His own school experience was troubled. Being out of school is for him like being out on probation from a prison. But, in a moment of regret, he recalls booing a small girl in a blue dress who bravely stood on a school stage singing.

That was a time when his “new favourite game was pushing them to the edge to see if they jump."

The cliff edge is an image that recurs in this bleak Christmas story of children making do in a world without support. It is where the boy feels he is most of the time.

Will Mytum gives a strong, engaging performance. His words are underscored by Peter Wilson’s imaginative unsettling sound design, his actions often given a chilly emphasis by Jess Bernberg’s lighting design.

The boy tells us of the area he lives in that, “you wouldn’t want to get lost down here. Don’t take the wrong turn. You’ll get your head kicked in. This is England.”

Yet even the little security they have is threatened by a decision to take Matti into care. In response, the brothers go on the run, sleeping rough under bridges, shoplifting for food and surviving the best they can.

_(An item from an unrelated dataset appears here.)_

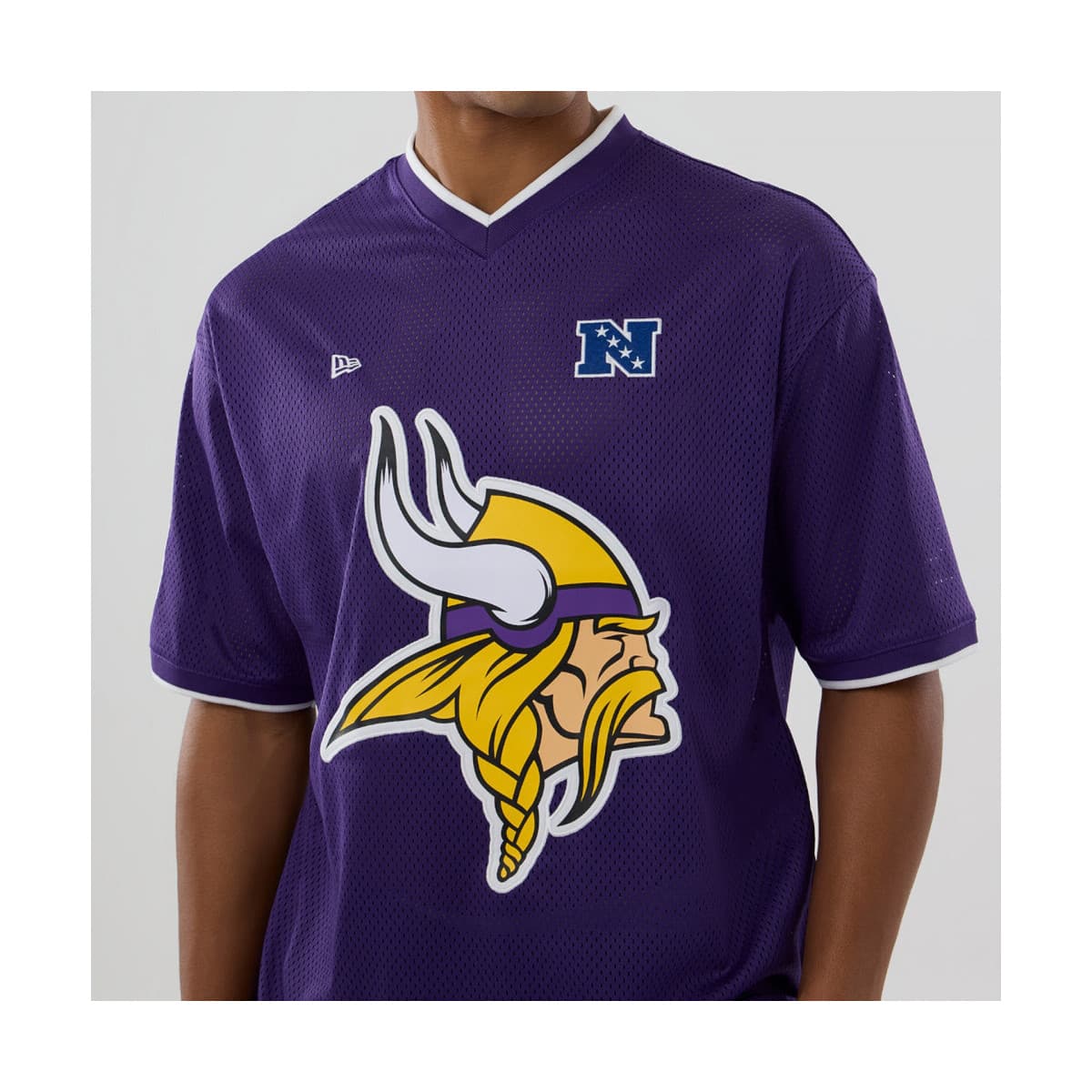 Men's Sports T-Shirts New-Era Purple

Niall Ransome writes compassionately about their difficult circumstances and paints a picture of hope in the brothers’ warm, positive relationship that contrasts with the cold remoteness of the authorities.

There are moments of humour as they play “I Spy” or mess about in the rain. And they are fantastically loyal to each other.

The boy is one of the usually invisible army of children who are holding families together without support in areas that seem abandoned by society.

Niall Ransome’s gentle play helps us care and understand the situation all the better to change it.